Join us Nov. 16, Nov. 21, Dec. 11 or Dec. 14 to discuss setting speed limits

Post Date:10/30/2019 2:00 PM

TEMPE, Ariz. (Oct. 30, 2019) – One in five of all serious injury and fatality crashes in Tempe are speed-related. As a way to further Tempe’s Vision Zero goal of eliminating traffic fatalities and serious injury crashes, Tempe is reviewing speed limits in certain areas.

Residents are invited to join us at four informational sessions to discuss proposed speed limit changes and find out how safer speed limits help save lives, increase traffic efficiency and create friendlier roads for all modes of transportation. Residents can provide feedback at the meetings and online.

November Meetings

December Meetings

Saturday, Nov. 16, from 9:30-11:30 a.m.
Thursday, Nov. 21, from 5:30-7:30 p.m.

Wednesday, Dec. 11, from 5:30-7:30 p.m.
Saturday, Dec. 14, from 9:30-11:30 a.m.

Arizona Community Church – Building G1
9325 S. Rural Road

Tempe Public Library – Meeting Room A
3500 S. Rural Road

Tempe is proud to be a multi-modal city. Residents, visitors, students and employees can walk, bike, bus or use rail to get around.

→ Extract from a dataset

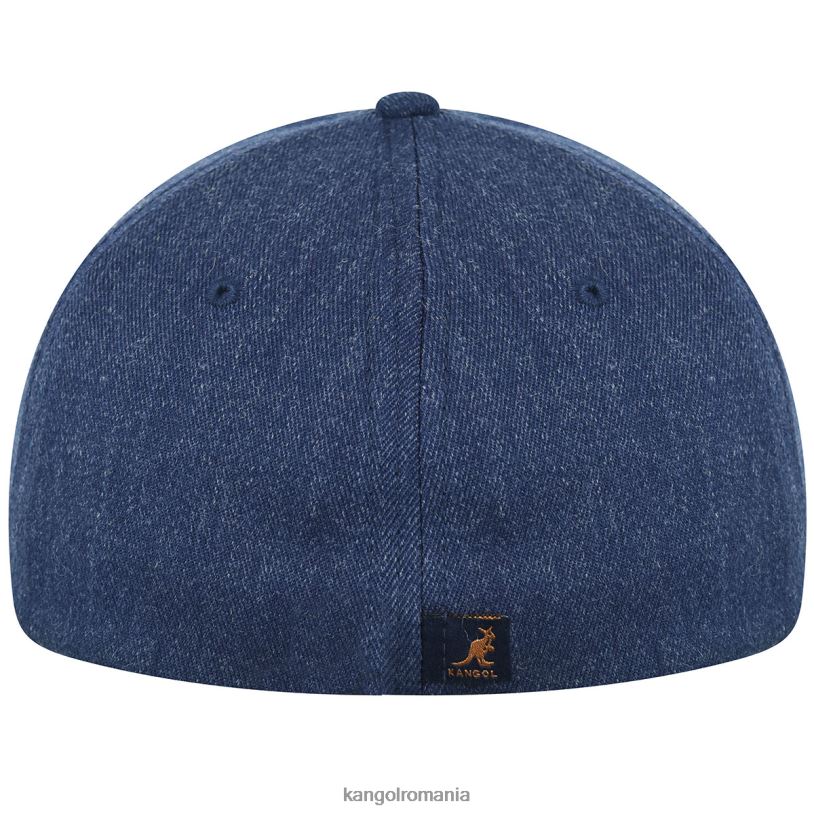 articole pentru cap | Kangol unisex denim baseball flexfit din lână 0VJ20318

Tempe has one of the highest percentages of bicycle commuters in the country, with ASU seeing around 16,000 riders on the busiest days. Tempe also has the highest transit ridership, per capita, in the state.  

In an effort to ensure safe and equitable streets for all road users, Tempe is considering a safe systems approach to setting speed limits. The safe systems approach recognizes that people make mistakes and seeks to design a system that allows for these mistakes, rather than expecting perfect driving behavior.

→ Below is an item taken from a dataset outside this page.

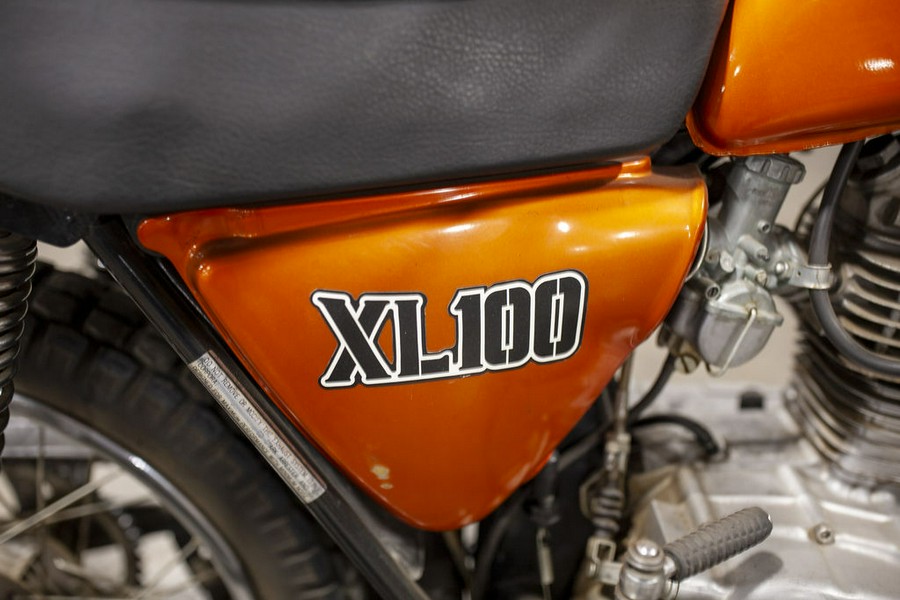 1974 Honda XL 100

Lower speed limits create shorter stopping distances, giving drivers more control of their vehicles as well as more time to react to road hazards. Lower speed limits also decrease the chances of being injured and the severity of injuries.  

There is a misconception that lowering speed limits results in increased traffic congestion. However, the opposite usually occurs – increased traffic efficiency.  Tempe’s traffic signals are timed for a progression speed that is equal to, or slightly less than, the posted speed limit. As a result, drivers who exceed the speed limit are more likely to be stopped at red lights.

As an added benefit, lowering speed limits can improve quality of life. Studies have shown that when vehicular speeds decrease, bicycling and pedestrian rates increase, due to an increased feeling of safety. That creates a physically healthier community. It also results in less cars on the road, reducing carbon emissions.  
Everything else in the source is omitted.